__Collected data entries__:

——————

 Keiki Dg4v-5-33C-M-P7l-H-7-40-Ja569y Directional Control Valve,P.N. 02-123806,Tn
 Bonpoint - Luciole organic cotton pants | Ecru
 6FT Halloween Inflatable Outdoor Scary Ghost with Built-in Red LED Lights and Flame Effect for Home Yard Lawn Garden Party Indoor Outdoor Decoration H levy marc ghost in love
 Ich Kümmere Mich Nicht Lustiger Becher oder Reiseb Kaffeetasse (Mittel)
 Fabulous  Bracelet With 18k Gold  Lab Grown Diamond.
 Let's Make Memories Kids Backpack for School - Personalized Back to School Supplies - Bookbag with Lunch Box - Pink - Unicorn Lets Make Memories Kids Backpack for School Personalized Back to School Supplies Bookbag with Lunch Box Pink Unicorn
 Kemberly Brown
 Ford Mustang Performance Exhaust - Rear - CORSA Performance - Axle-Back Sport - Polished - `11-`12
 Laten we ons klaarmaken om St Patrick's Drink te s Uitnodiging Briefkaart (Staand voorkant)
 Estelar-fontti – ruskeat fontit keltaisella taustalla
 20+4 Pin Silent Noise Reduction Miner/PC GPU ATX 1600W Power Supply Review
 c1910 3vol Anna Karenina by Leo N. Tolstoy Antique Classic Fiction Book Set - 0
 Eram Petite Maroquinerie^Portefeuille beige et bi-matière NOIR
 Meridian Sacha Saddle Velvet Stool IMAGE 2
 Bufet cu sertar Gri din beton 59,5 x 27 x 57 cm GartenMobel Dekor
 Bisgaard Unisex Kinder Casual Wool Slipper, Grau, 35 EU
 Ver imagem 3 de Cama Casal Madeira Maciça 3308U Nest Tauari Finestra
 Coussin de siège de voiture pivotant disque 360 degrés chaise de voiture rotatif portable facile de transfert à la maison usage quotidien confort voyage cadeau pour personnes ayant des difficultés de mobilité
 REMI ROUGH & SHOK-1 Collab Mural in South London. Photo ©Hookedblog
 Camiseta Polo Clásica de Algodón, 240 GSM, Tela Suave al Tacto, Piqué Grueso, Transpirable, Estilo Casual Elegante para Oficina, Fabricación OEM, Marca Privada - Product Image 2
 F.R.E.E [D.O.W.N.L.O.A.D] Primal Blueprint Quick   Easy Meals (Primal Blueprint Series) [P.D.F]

——————

__GOAL OF THE EXERCISE__: Using the data above, print every record exactly as shown.

__SOLUTION FOR THIS PROBLEM__:
 Keiki Dg4v-5-33C-M-P7l-H-7-40-Ja569y Directional Control Valve,P.N. 02-123806,Tn
 Bonpoint - Luciole organic cotton pants | Ecru
 6FT Halloween Inflatable Outdoor Scary Ghost with Built-in Red LED Lights and Flame Effect for Home Yard Lawn Garden Party Indoor Outdoor Decoration H levy marc ghost in love
 Ich Kümmere Mich Nicht Lustiger Becher oder Reiseb Kaffeetasse (Mittel)
 Fabulous  Bracelet With 18k Gold  Lab Grown Diamond.
 Let's Make Memories Kids Backpack for School - Personalized Back to School Supplies - Bookbag with Lunch Box - Pink - Unicorn Lets Make Memories Kids Backpack for School Personalized Back to School Supplies Bookbag with Lunch Box Pink Unicorn
 Kemberly Brown
 Ford Mustang Performance Exhaust - Rear - CORSA Performance - Axle-Back Sport - Polished - `11-`12
 Laten we ons klaarmaken om St Patrick's Drink te s Uitnodiging Briefkaart (Staand voorkant)
 Estelar-fontti – ruskeat fontit keltaisella taustalla
 20+4 Pin Silent Noise Reduction Miner/PC GPU ATX 1600W Power Supply Review
 c1910 3vol Anna Karenina by Leo N. Tolstoy Antique Classic Fiction Book Set - 0
 Eram Petite Maroquinerie^Portefeuille beige et bi-matière NOIR
 Meridian Sacha Saddle Velvet Stool IMAGE 2
 Bufet cu sertar Gri din beton 59,5 x 27 x 57 cm GartenMobel Dekor
 Bisgaard Unisex Kinder Casual Wool Slipper, Grau, 35 EU
 Ver imagem 3 de Cama Casal Madeira Maciça 3308U Nest Tauari Finestra
 Coussin de siège de voiture pivotant disque 360 degrés chaise de voiture rotatif portable facile de transfert à la maison usage quotidien confort voyage cadeau pour personnes ayant des difficultés de mobilité
 REMI ROUGH & SHOK-1 Collab Mural in South London. Photo ©Hookedblog
 Camiseta Polo Clásica de Algodón, 240 GSM, Tela Suave al Tacto, Piqué Grueso, Transpirable, Estilo Casual Elegante para Oficina, Fabricación OEM, Marca Privada - Product Image 2
 F.R.E.E [D.O.W.N.L.O.A.D] Primal Blueprint Quick   Easy Meals (Primal Blueprint Series) [P.D.F]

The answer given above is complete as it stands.